To: George W. Bush
From: Endangered Species
RE: Thanks!
WASHINGTON
(AP) — Just six weeks before President-elect Barack Obama takes office,
the Bush administration issued revised endangered species regulations
Thursday to reduce the input of federal scientists and to block the law
from being used to fight global warming.
The changes, which will
go into effect in about 30 days, were completed in just four months.
But they could take Obama much longer to reverse.
They will
eliminate some of the mandatory, independent reviews that government
scientists have performed for 35 years on dams, power plants, timber
sales and other projects, a step that developers and other federal
agencies have blamed for delays and cost increases.
Sincerely, Multiple Endangered Species
PS: Know anything about this fabled Congressional Review Act?
(Via: The Daily Kos)
Changing the rules now just formalizes how the administration has been dealing with endangered species all along.

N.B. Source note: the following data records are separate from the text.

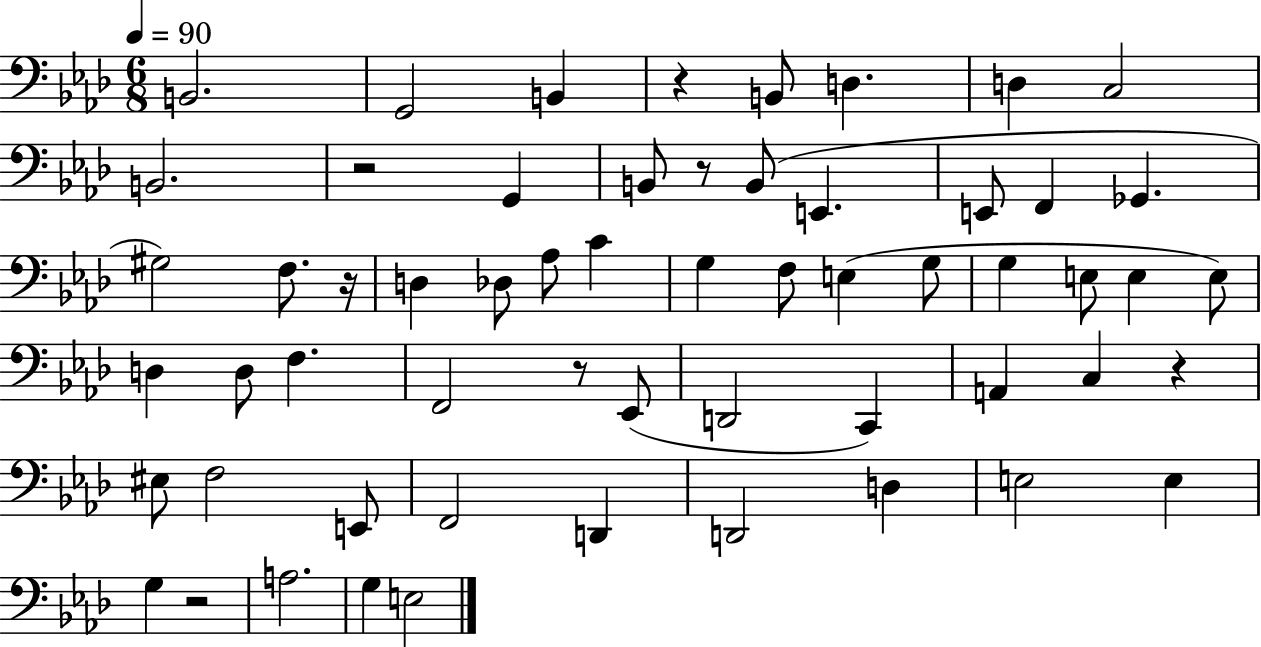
X:1
T:Untitled
M:6/8
L:1/4
K:Ab
B,,2 G,,2 B,, z B,,/2 D, D, C,2 B,,2 z2 G,, B,,/2 z/2 B,,/2 E,, E,,/2 F,, _G,, ^G,2 F,/2 z/4 D, _D,/2 _A,/2 C G, F,/2 E, G,/2 G, E,/2 E, E,/2 D, D,/2 F, F,,2 z/2 _E,,/2 D,,2 C,, A,, C, z ^E,/2 F,2 E,,/2 F,,2 D,, D,,2 D, E,2 E, G, z2 A,2 G, E,2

A high-ranking Interior Department official tainted nearly every
decision made on the protection of endangered species over five years,
a new inspector general report finds, concluding she exerted improper
political interference on many more rulings than previously thought.
Julie
MacDonald, a former deputy assistant secretary overseeing the Fish and
Wildlife Service, did pervasive harm to the department's morale and
integrity and may have risked the well-being of species with her
agenda, Interior Inspector General Earl Devaney said in his report out
Monday.
LINK (Via The A.P.)
Six pages of the report deal with MacDonald's influence on limiting Bull Trout habitat designation.